The Washington Post has published investigative reporter Neena Satija’s article “Echoes of Biden’s 1987 plagiarism scandal continue to reverberate.” The article is behind the Post paywall. It’s not bad, but you’re not missing much if you remember the controversy.

Satija’s article includes a few exculpatory statements mitigating Biden’s appropriation of the lives and words of others. In one case, speechwriters are blamed. In the most famous case, involving Neil Kinnock, Satija quotes a former campaign aide noting that Biden had attributed the appropriation on other occasions. Maybe he forgot to do so the last time around!

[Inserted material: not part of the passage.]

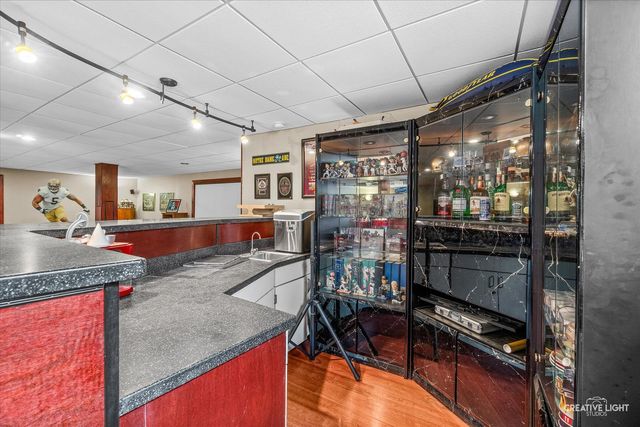 506 Simsbury Court, Oswego, IL 60543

She also notes an inaccuracy or two in Biden’s appropriation of Kinnock’s life. His ancestors weren’t coal miners, for example, they were mining engineers. Maybe it was his memory playing tricks on him again.

Satija’s article also reminds us that plagiarism is a long-standing issue in Biden’s life. He got caught red-handed in law school. Biden is a miscreant with more lives than a cat. It helps to be a Democrat.

Satija’s article is accompanied by the entertaining and accessible (accessible at present) video below. I’m filing this under Laughter Is the Best Medicine, but Biden’s age-related decline — visible by contrast with the Biden in this video — is not funny (see Charles Hurt’s “Doddering Biden unfit to lead in times of crisis”).

Quotable quote (from Biden’s campaign exit in 1987): “I made some mistakes. But now, the exaggerated shadow of those mistakes has begun to obscure the essence of my candidacy and the essence of Joe Biden.”